Como sospechaba que esta gente factura seguramente por minuto, y por eso camina siempre con tanta lentitud y habla tan despacio, yo me había tomado la molestia de sacar la pieza rota. De hecho, el fontanero solo tuvo que llegar al baño y decir: «La válvula de descarga está rota». «Tendrás que poner una nueva, entonces», arriesgué. «No he traído», alegó. «Tendrás que ir a buscar una, ¿no?», deduje. «Sí, pero no me va a dar tiempo», pretextó, para a continuación añadir: «Vamos a tener que dejarlo para la tarde». No era con lo que yo soñaba, así que puse ciertas condiciones: tendría que ser a primera hora. «A las cuatro sin falta», afirmó. Apareció a las siete. Llevaba de nuevo una mano en el bolsillo y la pieza nueva encajada en la axila. A partir de ahí, todo ocurrió a velocidades vertiginosas. En dos minutos colocó la válvula, cerró la tapadera, accionó el tirador para probar y todo volvió a la normalidad. Perfecto. «¿Cuánto es?», pregunté feliz, creyendo que el precio guardaría proporción con la dificultad. «Setenta euritos, por favor», dijo con la voz muy dulce. Tenía educación. Me quedé blanco, sin habla, como Pepe Isbert cuando los americanos pasan de largo. Máxime teniendo en cuenta que la pieza costaba doce euros y podía instalarla un repetidor de segundo de la eso. Cualquiera. Yo inclusive. Antes de pagar, pregunté con ingenuidad si no me daba una factura. «Es que no he traído», se disculpó. «Pues yo tampoco he traído dinero», estuve a punto de decir. Pero no quise montar un espectáculo en mi propia casa.

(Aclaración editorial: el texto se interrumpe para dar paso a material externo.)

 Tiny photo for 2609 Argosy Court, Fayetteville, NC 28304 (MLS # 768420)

Yo siempre llevo la droga encima
Esto es lo que ha pasado: acabo de recordar que hace seis meses, cuando me mudé de ciudad, me marché sin pasar por la tintorería a recoger una chaqueta azul marino que había dejado para limpiar. Era mi chaqueta favorita, pero no la he echado de menos hasta esta mañana. En ocasiones, las cosas importantes pasan completamente desapercibidas. No es una tragedia. Ni siquiera una cuestión de vida o muerte. Tal vez, como dijo a propósito del fútbol Bill Shankly, entrenador del Liverpool entre 1959 y 1974, es algo mucho, mucho más importante que eso. Cuando vestía aquella chaqueta cambiaba mi perspectiva de la realidad. Nada me parecía demasiado grave, ni solemne, ni relevante. Era como leer If, de Kipling, donde se te revelaban, de pronto, verdades en las que no habías creído. Es difícil de explicar. En realidad, es difícil de entender. Aquella chaqueta actuaba como escudo, pero también como un cristal deformante que me ofrecía la mejor panorámica posible de lo que tenía alrededor.

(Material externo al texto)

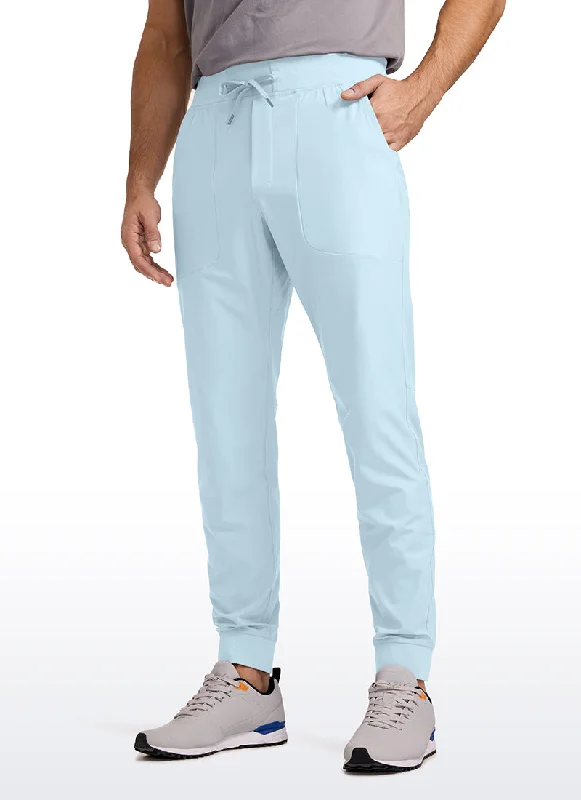 Comfy Outerwear Minimalist Jackets All-day Comfy Slim-Fit Golf Joggers 30''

Imagino que desde que la llevé a la tintorería, la chaqueta no ha dejado de dar vueltas en ese circuito cerrado que hay en estos negocios, en el que presionando un botón, el mecanismo va moviendo las prendas en círculo hasta que llega a la chaqueta o el pantalón o lo que sea, que el cliente haya venido a recoger. En parte, la vida va de eso, de dar vueltas sin parar, como un idiota, sin ningún sentido especial. No creo que nunca, cuando regrese a Madrid, sea capaz de pasar por la tintorería. ¿Cómo me mirarían? No. Descartado. No sabría enfrentar el contacto con la chaqueta.
El escritor estadounidense Hunter S. Thompson contó una vez en una entrevista en un periódico de Boston, que cierto día recordó, un año después de abandonar un apartamento de alquiler en San Francisco, que había olvidado, escondidos en una baldosa del piso de la cocina, 250 gramos de hachís. ¡Nada más que un cuarto de kilo! ¡Hachís! Cuando echó en falta aquel botín y quiso regresar para recuperarlo, descubrió que en el apartamento ahora vivían dos agentes de policía. Fue un error infantil ocultar la droga en un punto recóndito, y hacerlo, probablemente, cuando estaba borracho. Borracho y drogado, supongo. Yo siempre llevo la droga conmigo. Es vital tenerla cerca. Nunca sabes cuándo vas a necesitarla de urgencia. Naturalmente, Thompson tuvo que abandonar sus pretensiones. Pero aprendió una lección. En mi caso, ahora sé que nunca hay que quitarse la chaqueta favorita. Si es necesario, duermes con ella, comes con ella, follas con ella.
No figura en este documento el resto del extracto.